The managing director of the plant and a spokesperson from the town council stated its decision to do so in accordance with South Korean government’s order to pull out from the project owing to security issues. However, they also mentioned that the decision was temporary.
In effect, nearly 570 Hyundai employees and 382 Doosan employees started to move out of the country on Saturday.
Libya is experiencing one of its most violent period since the fall of Muammar Gaddafi, country’s former ruler, three years back. Rival militant groups have been fighting for gaining control over country’s two biggest cities, Tripoli and Benghazi, turning them into battlegrounds and resulting in the death of more than 200 people.
Most western countries and the United Nations have pulled out their diplomats from the country to ensure their safety.

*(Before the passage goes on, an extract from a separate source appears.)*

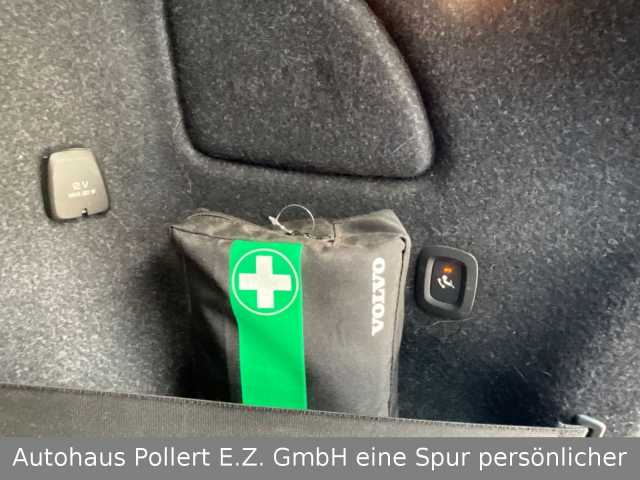 Volvo  T5 Inscription Recharge Plug-In Hybrid 2WD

Though no recent feuds have been observed in Sirte, which is located 570 km from Benghazi and 460 km from Tripoli, some local news channels have reported the rising level of insecurity in the city, mainly due to a lack of government support.
Hyundai Engineering and Doosan Engineering had won the coveted 1.8 billion dinar worth project to build and operate the Sirte based power plant in 2007. Turkey’s Gama Enerji, France’s Geocon and US’s Bechtel were also part of the contract.
Currently, US’s Bechtel is still operating at the power plant, but without any US workers. 350 workers from Gama Enerji have also returned back to work after a short break. France’s Geocon has already left the power plant after its contract ended.